The music is slow and not quite my thing, but I enjoy it regardless. It’s just easy. Duoly Rob knows how to draw people in. The staff are friendly, and in a genuine way, I feel.

So now I’ve said all of that and it’s time for me to spiral off and sink everything in the best way possible. Or perhaps it would be the worst way possible. The original path has ended and the new path lies ahead, and it’s all downhill whilst uphill, and let me tell you, I’d rather turn back. I don’t want to sink everything, but this is what lies ahead and so if this is what lies ahead then this is what I must do. This is where I must walk forward, and I need to do it in the best way possible in the worst way possible.

So it’s time to go down rolling uphill whilst downhill and take everyone out along the way. I can do this; I can succeed. I can burn bridges and paths and bonds and I can make myself a reprehensible human being. Don’t want to, but it’s time that I do. It’s time that I must. I can succeed, and then move on and disappear from Glebe forever. People will wonder why, and I know it’ll be due to the self-doubt and anxiety. I know it will be because I need to ensure failure and not success, and I need to do it the only way that I know how.

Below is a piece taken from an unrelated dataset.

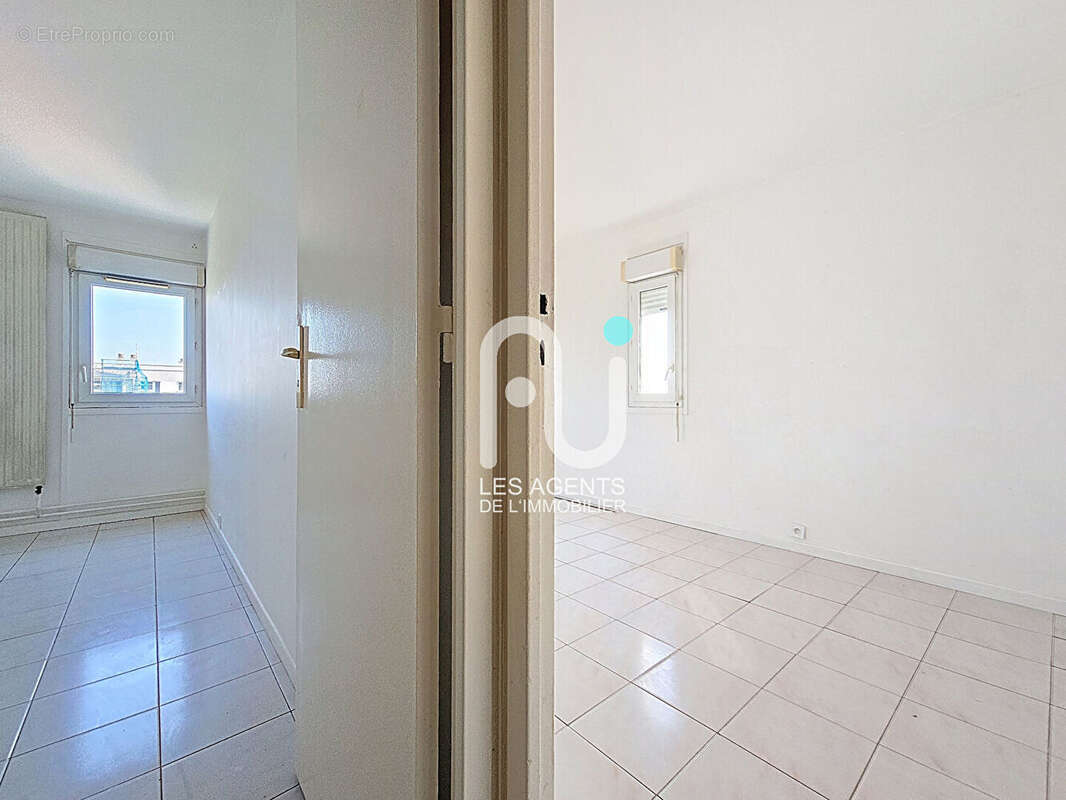 Appartement à VILLENEUVE-LA-GARENNE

Actually I don’t know how, but some people think I’m a shitty person and who am I to say that they are wrong? Can’t say they’re right either, however.

I’m sitting here and I’m thinking about the friends I’ve lost over the past couple of months, and my ex, and I don’t want to be. Grief comes when it comes, but these are things I feel better about, in a way. One of those friends I am kind of sad, kind of not caring around. Helped them a fair bit where I could, they gave a vague, non-explanatory message about why they felt the friendship should end. It upsets me that I may have hurt them in some way, but if they’re not going to speak to me and try to work toward resolving the issues, then I feel it’s someone not worth having in my life. I especially feel that way if they were willing to take my help on a number of things, especially a couple of weeks prior.

I’ve said it before and strongly implied it too, but I value honesty. I value the people in my life. I am an intense person so I get that I get a bit much, but I still want people to be honest with me because I don’t want to hurt anyone. If someone I’ve known for years knows this, and then won’t be honest with me whilst still accepting my help, I don’t know if I have the energy to care enough.

But even though they and two others are on my thoughts, I’m still enjoying myself right now. I’m still happy in a way. I’ve gone through some shit and I’m not out of the woods, but I’m doing okay. I’m surviving. I’m in a position where I can work hard and improve and get into a better position in life, and so I need to maximise that. I’ve been feeling better and better since getting dumped, and I wonder if I’ll crash. I’m not wondering too much, but I am wondering. But I need to keep on working on myself. I need to keep doing what I want to do, so long as it does benefit me and doesn’t hurt people along the way, unless that hurt is unavoidable. And I can do that.

But for now I’m going to sit here and enjoy the space I’m in.

The time it took to write one thousand words: 15:46:99

Decent speed. Not sure if it matches the writing enough, but it was a decent speed.